Gaza: Beneath the Bombs book tour
Sharyn’s book tour for Gaza: Beneath the Bombs, the book based on the writings from this blog, is coming underway and regularly being added to. For up to date details, keep an eye on this page. If you want to organise a speaker event with Sharyn do get in touch.
It’s now coming up to a year since the start of the ‘Operation Cast Lead’ attack by Israeli forces on Gaza. Despite the massive weight of information in reports from Human Rights Watch, Amnesty International and of course the UN’s Goldstone Report, the siege of Gaza and Israeli aggression against the Palestinians of Gaza and the West Bank continue. Today, 11th December, the news broke that the British government has launched a ‘voluntary code of conduct’ for the labelling of goods from West Bank settlements, indicating that they aren’t products of Israel. But the code is, of course, voluntary, and the Israeli embassy in London has been busy complaining on the news about ‘unfair’ and ‘political’ treatment, so whether dates, cosmetics, bedlinen, sweets or many other products produced on stolen Palestinian land will still get the preferential tariffs allocated by the EU to Israeli products remains to be seen. In all likelihood they will.
Despite the continued support of most of our governments for Israel’s occupation, there are plenty of actions planned to commemorate the dead of the 22 days of bombing last December and January. In the UK, these include a vigil on 27th December in London and one in Sheffield organised by the PSC, and 22 days of vigils, pickets, awareness-raising and direct action in Manchester.

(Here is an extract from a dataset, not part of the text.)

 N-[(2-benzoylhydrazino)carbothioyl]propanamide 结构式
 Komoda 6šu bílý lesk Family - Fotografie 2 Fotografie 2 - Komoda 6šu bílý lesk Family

I’ve never contributed to this blog before – I won’t be doing it regularly – but I just wanted to finish by introducing myself as Sharyn’s helper on the Gaza book. My name’s Sarah and I’m a freelance writer and have been involved in Palestine solidarity with ISM, Olive Co-operative and many other organisations since 2001. It’s a privilege to be Sharyn’s friend and co-writer. And I want to leave you with a poem by the late, wonderful Mahmoud Darwish, which – written several years before the carnage of ‘Operation Cast Lead’ shows how the kind of events of which the international community has been aware since that particular attack have been regularly scarring the lives of Gazans for much longer. The poem is from his posthumous diaries and collection, A River Dies of Thirst:
The Girl / The Scream
There is a girl on a sea shore
And the girl has a family
And the family has a house
And the house has two windows and a door.
And at sea there’s a warship playing a game
of targeting those taking a stroll on the shore.
Four five seven drop to the sand.
The girl is spared by a sleeve of mist
a certain celestial sleeve came to rescue her.
She calls out: Dad, my Dad, let’s go home, this sea is not for us.
And the father does not reply.
He lies there in an agony of absence, wrapped in his shadow in an agony of absence.
Blood in her palms blood in the clouds,
Her scream flies away with her far from the sea shore and higher.
She screams in the night of a wilderness
The echo has no echo
And the girl becomes the eternal scream of a breaking news event made obsolete by the planes return
to bomb a house with two windows and a door.
January 15, 2010 at 1:41 pm
Sharyn- would you like to promote and read at the fundraiser next Saturday? Sameera.
January 15, 2010 at 3:43 pm
Hi Sameera
I’m not sure which fundraiser you’re referring to, but I’m already booked up for Sat 16 and 23 Jan. But I hope it goes well and feel free to try me again for something else!